Acl's for the file are governed by the FILE_URL graphs ACL's. To change the ACL's on the file the regular anzo client api is used.

sample graphs

Binary store dataset graph

<BS> anzo:namedGraph < http://expo.cambridgesemantics.com/binarystore/node1/08/04/01/22/mypicture.png>, <FILE_URL2>, <FILE_URL3> .

 http://expo.cambridgesemantics.com/binarystore/node1/08/04/01/22/mypicture.png graph

< http://expo.cambridgesemantics.com/binarystore/node1/08/04/01/22/mypicture.png> rdf:type anzo:binarystoreitem < http://expo.cambridgesemantics.com/binarystore/node1/08/04/01/22/mypicture.png> < http://www.w3.org/2008/http-headers#content-type> "image/jpeg" < http://expo.cambridgesemantics.com/binarystore/node1/08/04/01/22/mypicture.png> dc:title "mypicture.jpg"

Anzo.js client side api

anzo.Client.BinaryStore?

  • Constructor
    • constructor(/*String - binary store url*/url,/*anzo.client.AnzoClient?*/anzoclient)
  • Methods
    • addFile(/*boolean*/ revisioned)
    • getFile(/*uri*/ uri, /*callback*/ function(/*anzo.Client.BinaryStoreItem?*/ bsi, /*Error*/ error){})
    • deleteFile(/*uri or anzo.Client.BinaryStoreItem?*/ uri, /*callback*/ function (/*Error*/ error){})

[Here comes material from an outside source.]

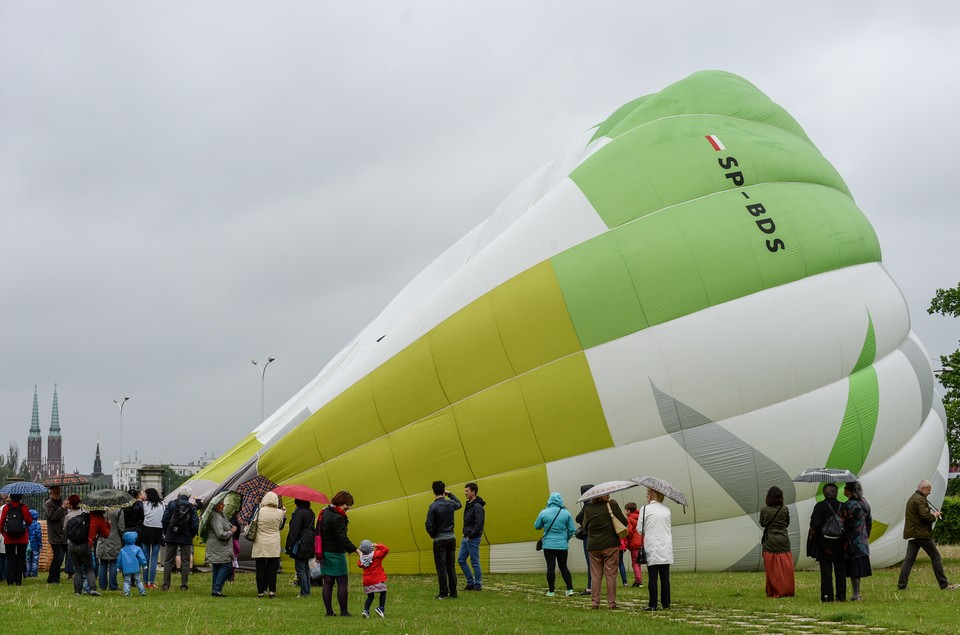 WARSZAWA NOC MUZEÓW 2016 BALON (balon na gorące powietrze)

anzo.Client.BinaryStoreItem?

  • Methods
    • update(/*form -- see below*/, /*callback*/ function (/*Error*/) {})
  • Properties
    • revision
    • fireEvents
    • src
    • isValid
  • Events
    • onProgress(contentlength, bytesuploaded)

Example of form.

    <FORM id="testfile">
    	<INPUT type="file" name="file">
    </FORM>

Sample code.

        var anzoClient = new anzo.client.AnzoClient(properties);
        var binaryStore = new anzo.client.BinaryStore("/binarystore",anzoClient);

...

      	var bsf = null;
        
        function uploadFile(file) {
        	if (!bsf && !file) {
       			bsf = binaryStore.addFile(true);
       		} else if (file && file instanceof anzo.client.BinaryStoreItem) {
       			bsf = file;
       		}
       		else {
       			//this just tests the getFile method (we already had a bsf)
       			binaryStore.getFile(bsf.src, uploadFile);
       			return;
       		}
        	bsf.fireEvents = true;
        	var progress = function (len, read) { 
        		log(read+ " of " + len +" file1 have been uploaded.");
        	}
        	var handle = dojo.connect(bsf, "onProgress", progress);
        	bsf.update("testfile", function (error) {
        		dojo.disconnect(handle);
        		if (!error) {
	        		log("File uploaded : " + bsf.src + " Revision : " + bsf.revision);
	        		document.getElementById("display").src = "test.jpg";
	        		document.getElementById("display").src = bsf.src;
	        	} else {
	        		log("ERROR:" + error.message);
	        	}
        	}); 
        }
...

    <FORM id="testfile">
    	<INPUT type="file" name="file">
    </FORM>

Additional

File locking should be considered in a subsequent release of the binary store.